It is difficult to give a complete set of rules of CTF game.
Aim of this game is not to find out the best. True professionals are
incomparable. The main goal is to share experience and knowlege in
the field of computer security. Nevertheless, the luckiest team
will become a winner :)
Destructive attacks (like "rm -rf /"), as well as DoS attacks
with a great amount of garbage traffic contradict with the spirit
of the game.
Be ready for any oerating system and any programming
language. You're professionals, aren't you?
Definitions
Team
A group of people, consisting of 1-7 players.
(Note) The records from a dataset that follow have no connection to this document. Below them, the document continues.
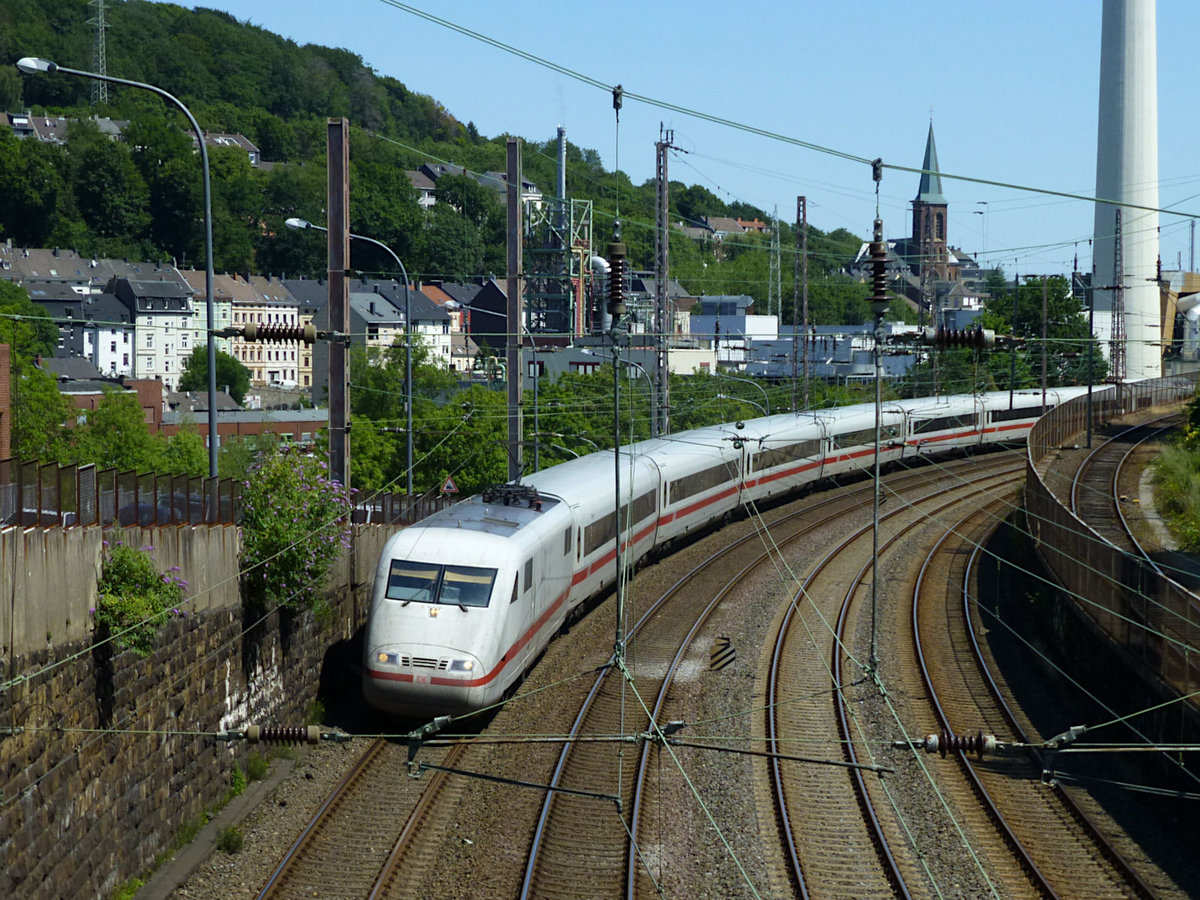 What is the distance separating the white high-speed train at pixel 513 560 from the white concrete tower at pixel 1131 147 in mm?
55604

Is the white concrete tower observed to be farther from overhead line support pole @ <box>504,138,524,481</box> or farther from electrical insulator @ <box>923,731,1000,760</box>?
electrical insulator @ <box>923,731,1000,760</box>

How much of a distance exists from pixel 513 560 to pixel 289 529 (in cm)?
300

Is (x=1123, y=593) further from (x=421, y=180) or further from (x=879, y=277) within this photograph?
(x=421, y=180)

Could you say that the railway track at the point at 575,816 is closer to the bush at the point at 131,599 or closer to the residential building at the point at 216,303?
the bush at the point at 131,599

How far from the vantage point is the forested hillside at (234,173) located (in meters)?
127

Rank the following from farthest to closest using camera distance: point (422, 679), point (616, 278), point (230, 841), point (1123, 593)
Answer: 1. point (1123, 593)
2. point (422, 679)
3. point (616, 278)
4. point (230, 841)

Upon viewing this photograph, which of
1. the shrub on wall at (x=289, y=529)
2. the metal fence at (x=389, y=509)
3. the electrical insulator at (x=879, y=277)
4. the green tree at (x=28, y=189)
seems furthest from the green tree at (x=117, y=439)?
the green tree at (x=28, y=189)

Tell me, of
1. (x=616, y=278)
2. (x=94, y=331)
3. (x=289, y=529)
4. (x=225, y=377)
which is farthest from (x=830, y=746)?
(x=94, y=331)

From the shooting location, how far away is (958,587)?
28938mm

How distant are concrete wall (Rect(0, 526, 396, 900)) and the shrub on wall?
453 mm

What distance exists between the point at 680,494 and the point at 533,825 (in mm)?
15781

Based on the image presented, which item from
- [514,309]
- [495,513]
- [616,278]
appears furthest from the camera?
[514,309]

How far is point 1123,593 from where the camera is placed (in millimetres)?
19812

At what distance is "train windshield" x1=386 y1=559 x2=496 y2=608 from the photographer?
18.0 m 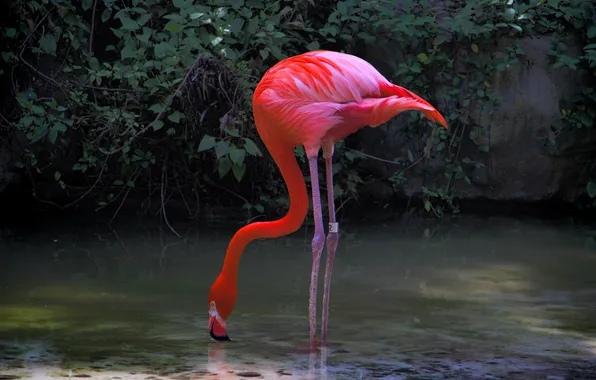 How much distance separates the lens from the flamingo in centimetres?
382

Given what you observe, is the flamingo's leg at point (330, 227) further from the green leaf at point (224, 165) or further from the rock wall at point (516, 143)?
the rock wall at point (516, 143)

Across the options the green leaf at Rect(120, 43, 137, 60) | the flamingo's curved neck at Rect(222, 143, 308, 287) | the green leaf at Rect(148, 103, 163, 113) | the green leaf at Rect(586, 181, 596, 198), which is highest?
the green leaf at Rect(120, 43, 137, 60)

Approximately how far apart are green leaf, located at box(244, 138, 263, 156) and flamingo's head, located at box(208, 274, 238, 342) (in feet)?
8.50

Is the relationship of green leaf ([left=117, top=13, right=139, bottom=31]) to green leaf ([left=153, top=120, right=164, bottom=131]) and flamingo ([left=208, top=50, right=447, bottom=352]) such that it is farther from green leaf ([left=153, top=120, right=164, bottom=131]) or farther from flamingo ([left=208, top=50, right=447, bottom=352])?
flamingo ([left=208, top=50, right=447, bottom=352])

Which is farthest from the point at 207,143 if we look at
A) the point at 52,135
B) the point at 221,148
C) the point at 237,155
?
the point at 52,135

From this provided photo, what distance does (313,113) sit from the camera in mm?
3830

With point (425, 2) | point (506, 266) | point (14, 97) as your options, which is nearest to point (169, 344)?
point (506, 266)

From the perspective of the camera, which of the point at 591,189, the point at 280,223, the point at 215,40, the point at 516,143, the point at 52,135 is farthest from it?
the point at 516,143

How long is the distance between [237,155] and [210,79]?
58 centimetres

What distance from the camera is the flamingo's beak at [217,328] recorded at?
380cm

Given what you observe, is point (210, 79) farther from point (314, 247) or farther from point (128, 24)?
point (314, 247)

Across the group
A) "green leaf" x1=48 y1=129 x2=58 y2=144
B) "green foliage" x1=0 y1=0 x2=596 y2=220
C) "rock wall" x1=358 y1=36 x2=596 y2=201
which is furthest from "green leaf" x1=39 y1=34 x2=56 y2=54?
→ "rock wall" x1=358 y1=36 x2=596 y2=201

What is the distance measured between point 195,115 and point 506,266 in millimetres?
2281

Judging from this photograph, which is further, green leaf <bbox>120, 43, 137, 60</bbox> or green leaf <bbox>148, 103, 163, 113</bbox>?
green leaf <bbox>120, 43, 137, 60</bbox>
One of them is captain.
Service
A vulnerable application written for the game.
Flag
String that matches regex: /^=[_a-zA-Z0-9\+\-\/\\]{63}$/.
Schedule
11:00:00 - Teams are given an encrypted VMWare image of game server.
11:59:59 - The decryption key is available for teams.
12:00:00 - Game starts. Teams' networks are not yet connected with
each other. Jury doesn't check the services yet.
13:00:00 - Routing between teams is enabled, jury starts to check
the services.
22:00:00 - Game is over. Teams's networks are disconnected from
each other.
Team is given points for
* correct work of their services;
* capturing flags from others teams' services;
* sending advisories, which contain description of
vulnerability, patch and exploit;
* solving quests;
* jury's special descision.
Teams are prohibited to:
* attack check system and servers of jury;
* filter (by IP or in any other way) other teams;
* generate large amount of network traffic;
* run DoS attacks with large amount of network traffic;
* run destructive attacks (e.g., "rm -rf /").
Permissions
Teams may use any amount of computers and network
equipment (not higher than 2nd OSI level).
Teams may patch vulnerabilities in ther services or block
exploitation of vulnerabilities.
Teams may change topology of their sub-networks.
Each team member will be given one computer for the time of the game
(if it is necessary).
Each team will be given a router and administrator's account on it.
* may specify rules more precisely at any moment before the game starts;
* may penalize/disqualify team for rules violation;
* determines the winner. Descision is based on teams' earned points.
Exceptions
Teams should meet jury's decisions in critical situations,
which may not have been listed here, with understanding.
Still organizers and jury do their best to steer clear of such.